The caretaker government, wary of the army given its past interventions on the side of the establishment, said it welcomed the move to restore order and that it remained in office.
Thailand has been stuck in political limbo since Prime Minister Yingluck Shinawatra, Thaksin's younger sister, and nine of her ministers were dismissed on May 7 after a court found them guilty of abuse of power.
The military, which put down a pro-Thaksin protest movement in 2010, has staged numerous coups since Thailand became a constitutional monarchy in 1932. The last one was in 2006 to oust Thaksin, who has lived abroad since 2008 but wields political influence and commands huge support among the poor.
Anti-government protesters want a "neutral" prime minister to oversee electoral reforms aimed at ending Thaksin's influence. They disrupted a Feb. 2 election that Thaksin's loyalists looked set to win. It was later declared void.
The government, on the other hand, views an early general election it would likely win as the best way forward.

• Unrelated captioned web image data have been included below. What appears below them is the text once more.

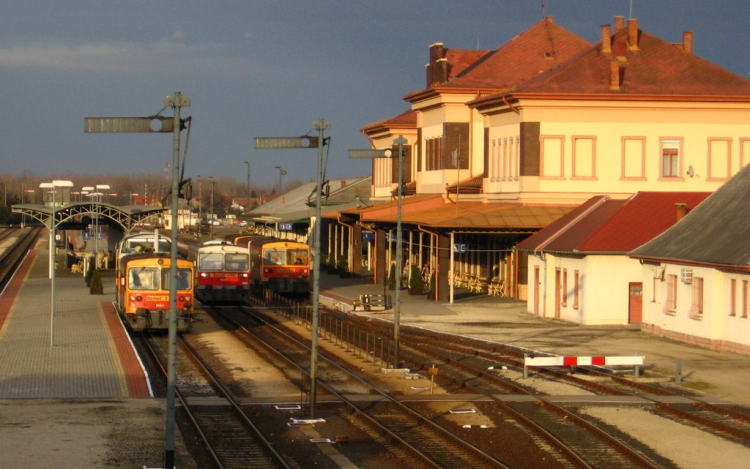 Meghívta inni, majd megverte!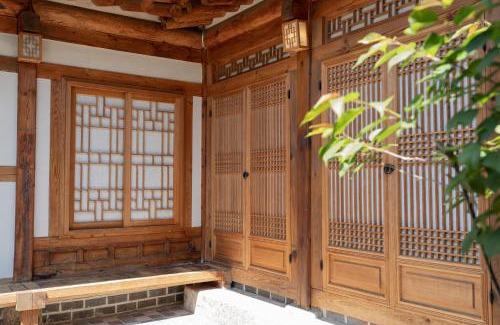 Sajik-dong Apartment | 오직 한팀만 사용하는 서울 전통 한옥 JNPstay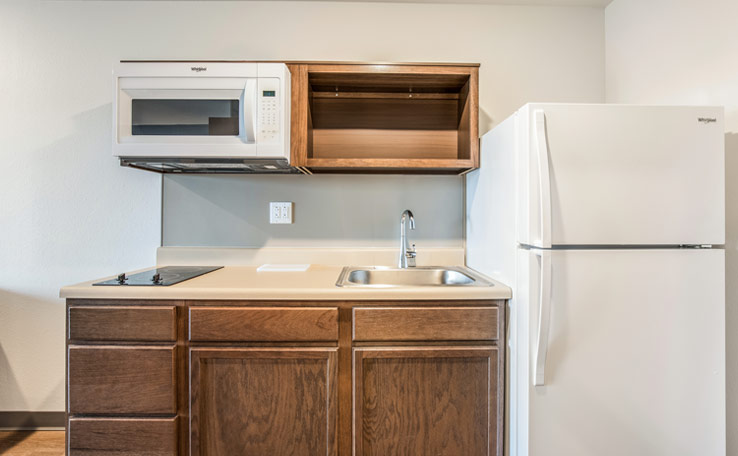 Non-Smoking Queen Bed Suite (Weekly Rate) at WoodSpring Suites Chicago Midway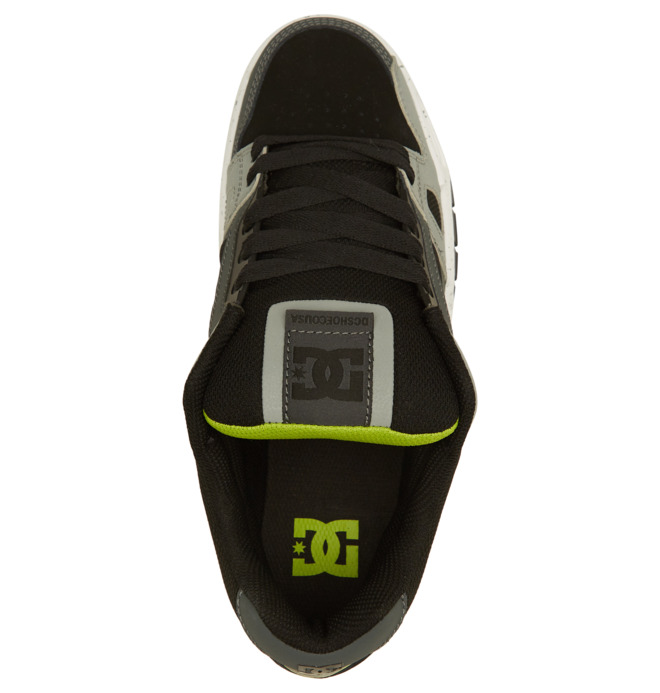 Tenis negros con new arrivals verde
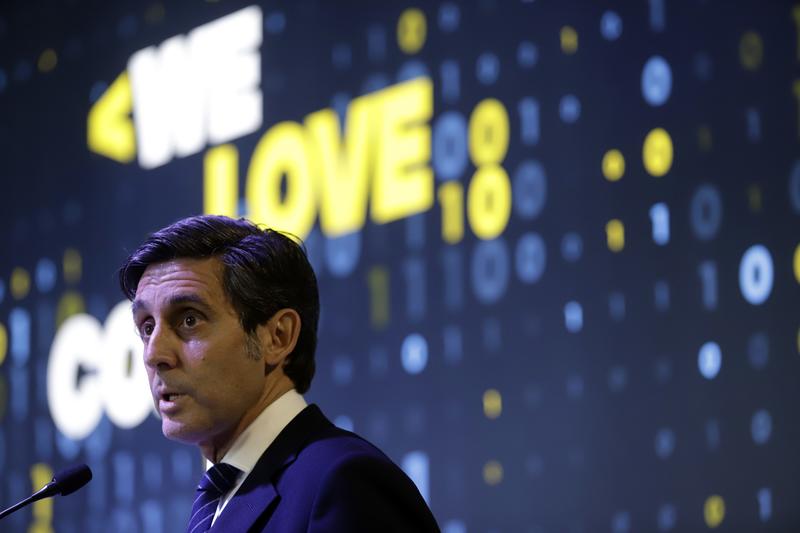 Telefónica cierra la compra de los activos móviles de Oi en Brasil por 1.060 M€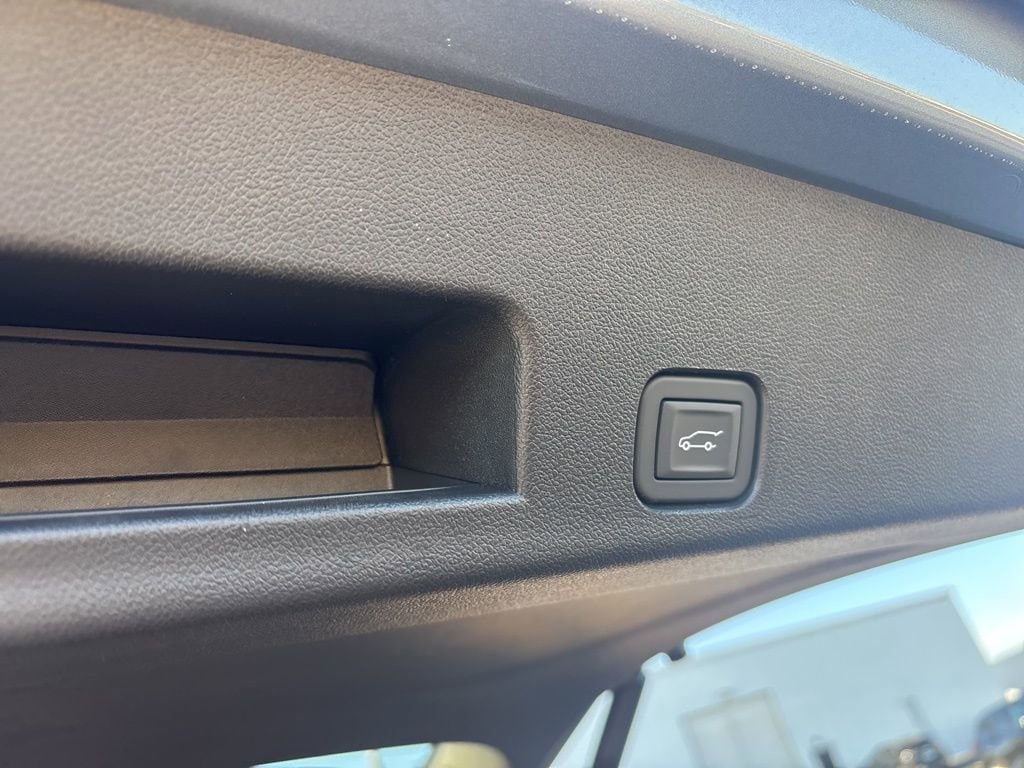 2026 GMC Acadia Elevation - Photo 6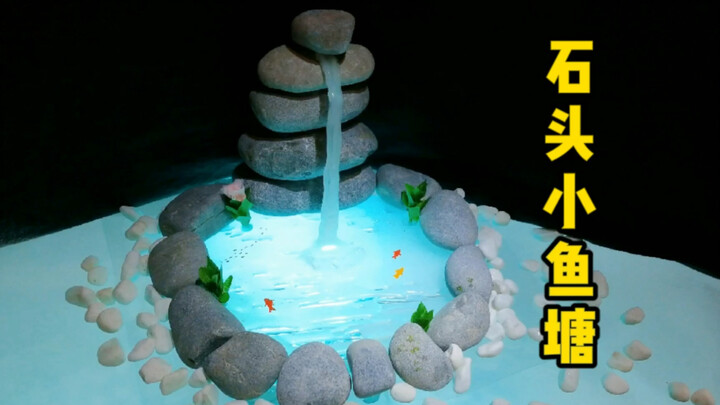 DIY pro turns stones into a tiny fish pond—look closely, and the fish are still swimming! It’s even 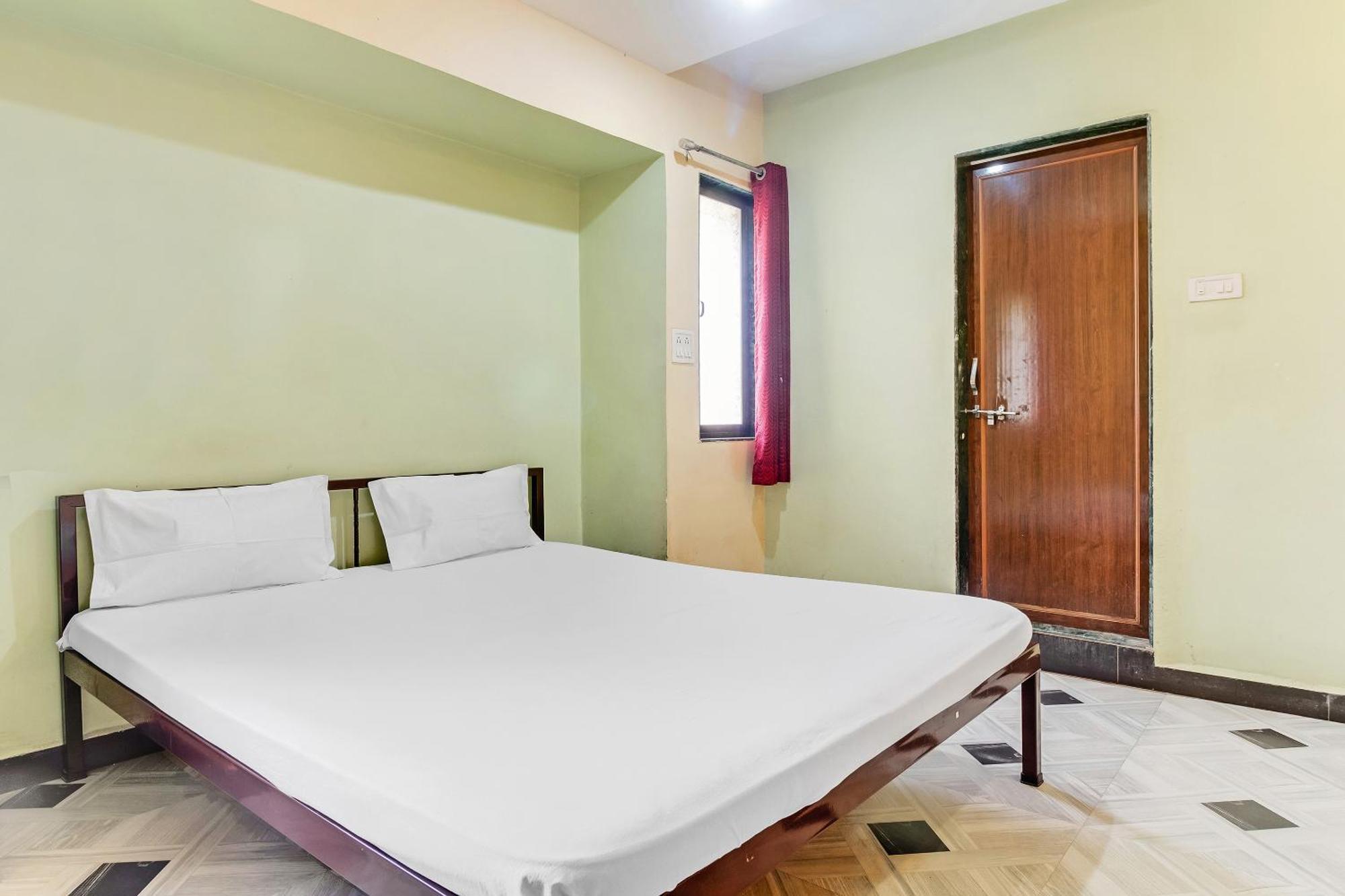 SPOT ON 44704 Harihar Lodging And Yatri Niwas Hotel Kolhapur Bagian luar foto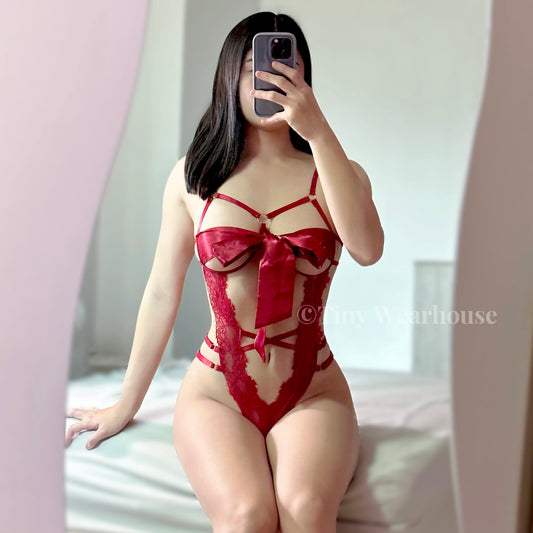 拆禮物鏤空大辣連身衣（2色）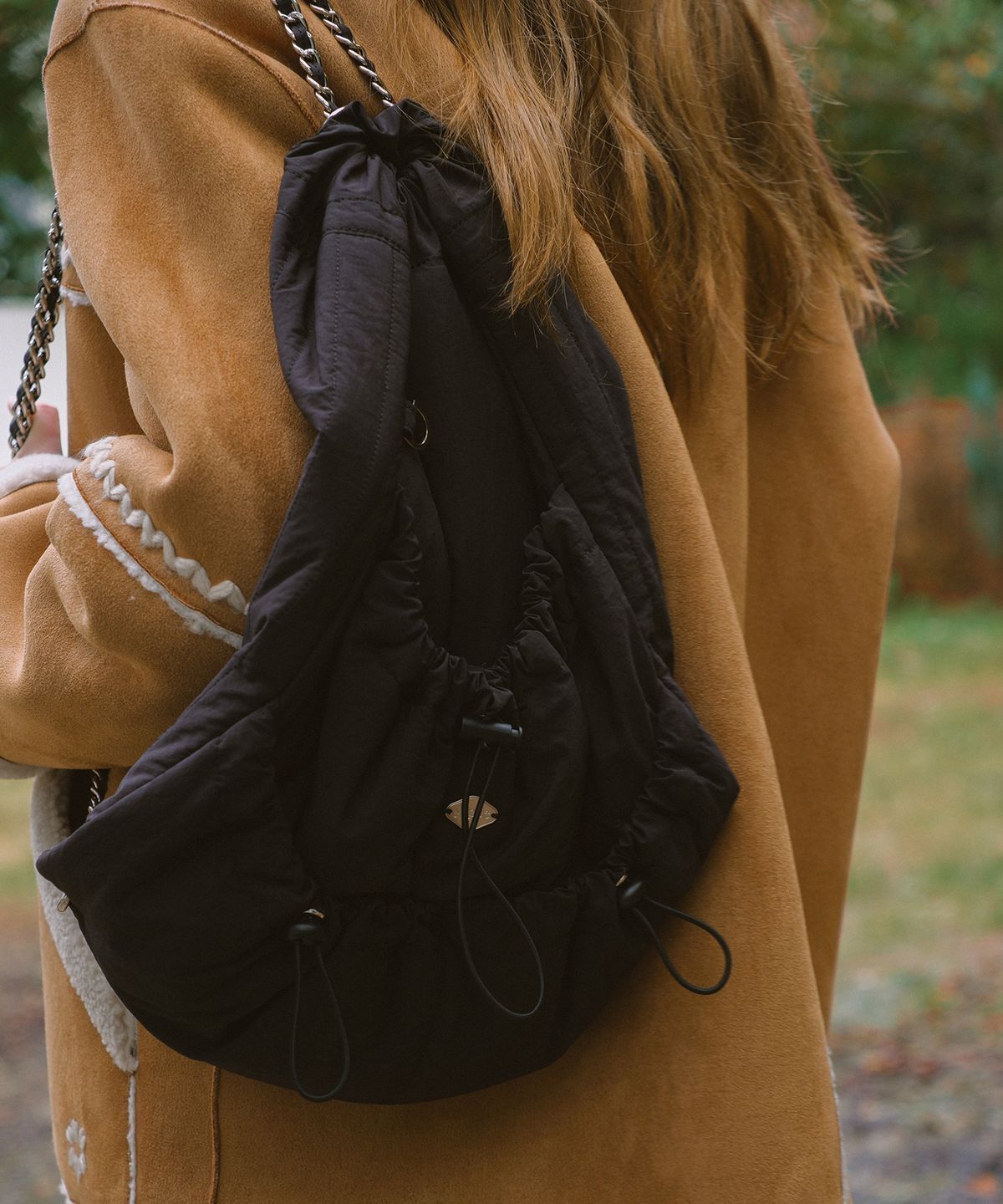 엽페(YUPPE) RIBBON CHAIN BACKPACK_BLACK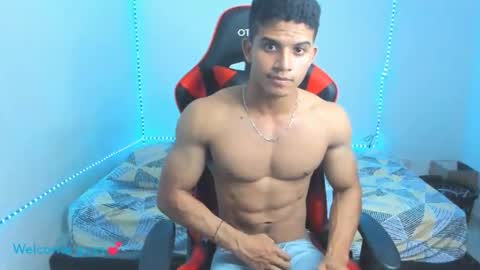 oliver thompsson online show from January 2025 01:04:02 AM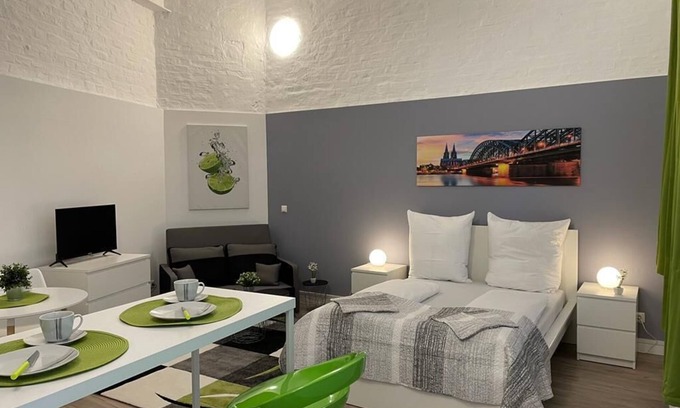 Neustadt-Sued Apartment | Peaceful Studio in Prime Südstadt Location with Spa & Kitchen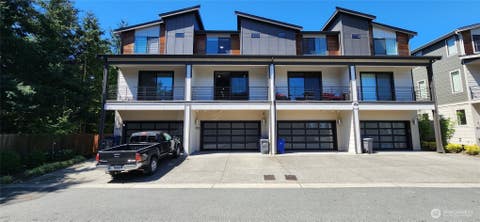 Photo of 16021 Manor Way #C2, Lynnwood, WA 98087 (MLS # 2526011)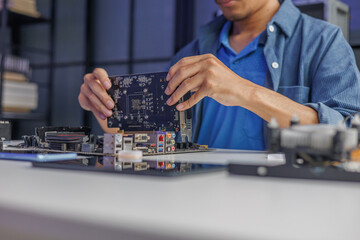 Naklejka premium Close-up of electronic technician hands working on computer mainboard repair.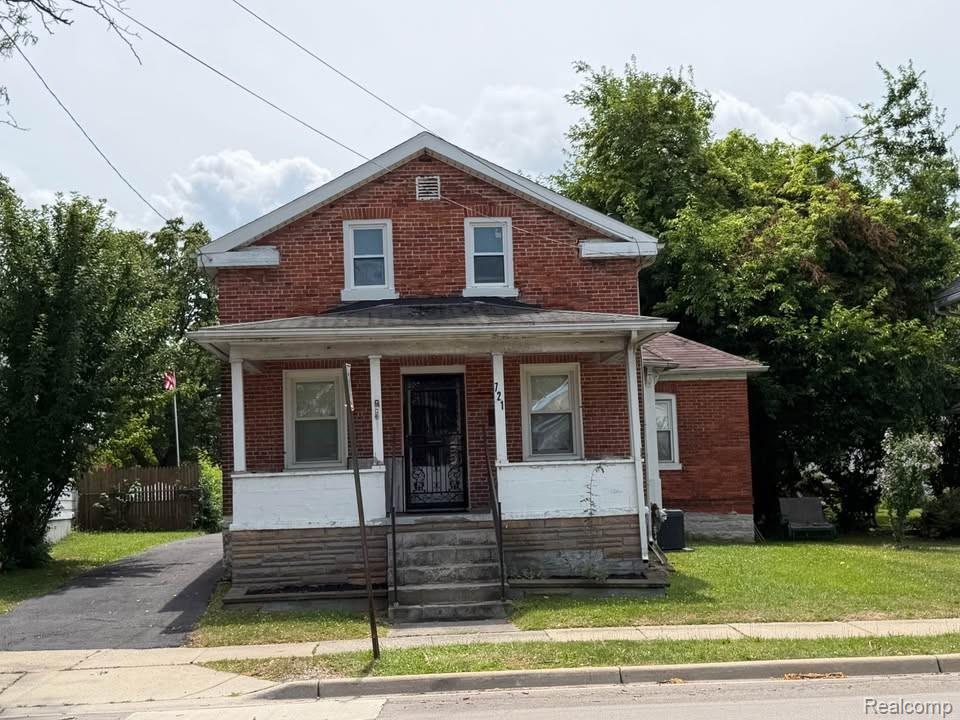 721 W 3rd Street — photo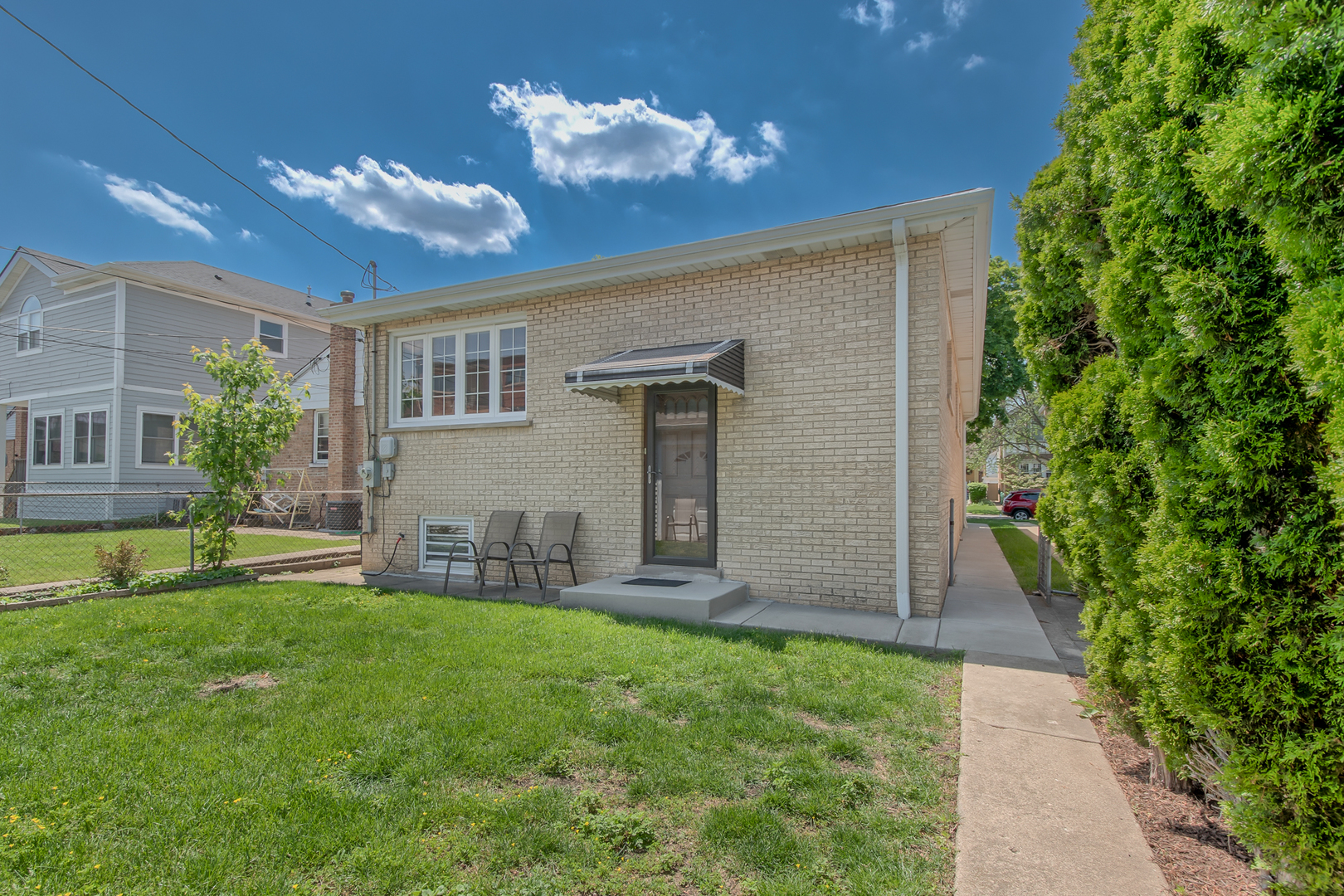 6651 North Oconto Avenue Chicago IL 60631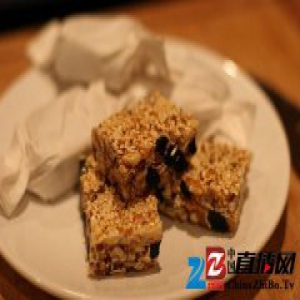 城市生活节奏太快，催生了一批花样便携式早餐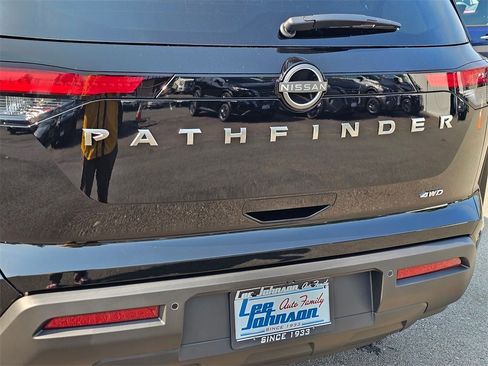 New 2025 Nissan Pathfinder SV image 24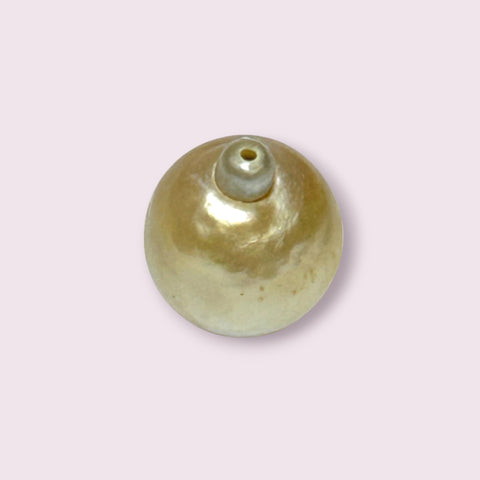 Oval 12.5 x 15mm 14.7 Carats Pale Gold Australia South Sea Pearl Loose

Both sides said they were sticking to their demands.
"Martial law does not affect our civil uprising," Suthep Thaugsuban, the leader of the anti-government protesters, told his cheering supporters. "We still retain our right to demonstrate against this tyrannical government."
Earlier, caretaker Prime Minister Niwatthamrong Boonsongphaisan said he had asked the Election Commission to set the ballot for Aug. 3 and he was in talks with the army.
"We are talking to the army chief's side and there are many pressing issues we need to discuss including elections and reform," Niwatthamrong told reporters.
The army tried to mediate in the crisis late last year, bringing together then-premier Yingluck and anti-government protest leader Suthep. It had played down fears of a coup, stressing that politicians must resolve the dispute.
But Human Rights Watch called martial law a "de facto coup" while a political analyst said it was a "phantom coup".
"For this to be a success the army needs to act like a neutral force and not be seen to side with the anti-government protesters. It needs to offer an election date and start a political reform process," said Kan Yuenyong at the Siam Intelligence Unit think-tank.
Martial law gives the military broad powers over civilian authorities, but a full coup would likely incur costs in terms of greater damage to investor confidence and U.S. sanctions.
The United States, which cut aid to its military ally after the 2006 coup, said it was monitoring the situation closely.
Prayuth had warned last week, after three people were killed in an attack on anti-government protesters, that troops might have to be used if violence continued.
"He now feels that the police cannot handle security and is alarmed by grenade attacks and other incidents and the fact neither side looks like it will back down," said a senior army official, who spoke on condition of anonymity.
"NO COUP YET"
The baht fell against the dollar in early trade but steadied later and dealers suspected that was due to intervention by the central bank. At 0900 GMT the baht was quoted at 32.53 per dollar after earlier trading at a low of around 32.64.
The stock market ended 1.13 percent down.
Six months of turmoil has dragged down Southeast Asia's second-biggest economy, which shrank 2.1 percent in the first quarter of the year.
Andrew Colquhoun, Head of Asia-Pacific Sovereigns at ratings agency Fitch, said martial law was not necessarily negative for Thailand's government debt, and might help break the deadlock.
"The key factors for the ratings are whether Thailand can avert more serious and bloody political disorder, and whether we see a return to a fully functioning government that is able to make policy and pass a budget for the next fiscal year."
The leader of Thaksin's pro-government "red shirt" loyalists, who are rallying in Bangkok's outskirts, appealed for calm but warned of trouble if the government was ousted.
"If soldiers appoint a prime minister then we will escalate our rally," Jatuporn Prompan told a news conference. "Stay calm. There has been no coup yet."